Under the influence of temperature or mechanical forces the grating spacing and refractive index of the individual change FBG sensors. You basically respond to two under different influencing variables, whereby for the application the Temperature measurement in generator windings the mechanical one flow factor must be eliminated. For this, the Bragg grating inserted stress-free into a small quartz glass substrate melted. This absorbs the external mechanical forces and keeps them away from the Bragg grid. The shifts in the The wavelength of the reflected spectrum is thus a clear measure of temperature changes at the respective sensor.
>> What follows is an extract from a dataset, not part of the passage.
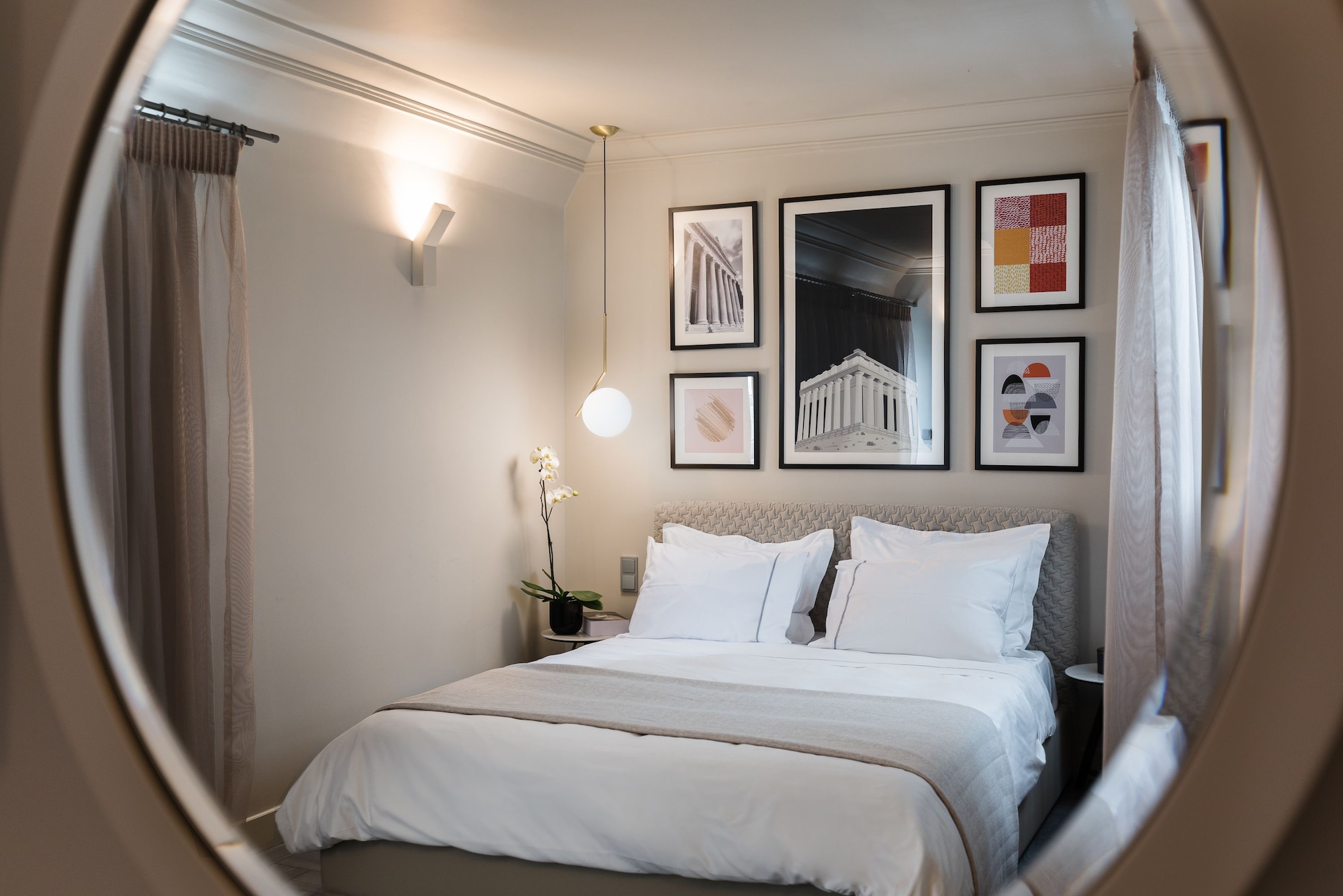 ROOM, DOUBLE BED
Thus, the temperature can drop across a winding bar its entire length is distributed - and independent in several places dependent on each other - be measured.

Claims (2)

1. A method for fiber-optic temperature measurement on a high-voltage component in electrical equipment, in which the temperature along a winding rod ( 4 a, 4 b) of a stator winding, along a conductor ( 38 ) by means of a fiber Bragg grating sensor system ( 3 ) a rotor winding ( 31 ) and / or along a ring line ( 13 ) of a generator. 2. The method according to claim 1, wherein the temperature of the winding rod ( 4 a, 4 b) by means of a between its upper rod ( 4 a) and its lower rod ( 4 b), in particular in between the upper rod ( 4 a) and lower rod ( 4 b ) formed gusset ( 11 ), laid fiber Bragg grating sensor system ( 3 ) is detected.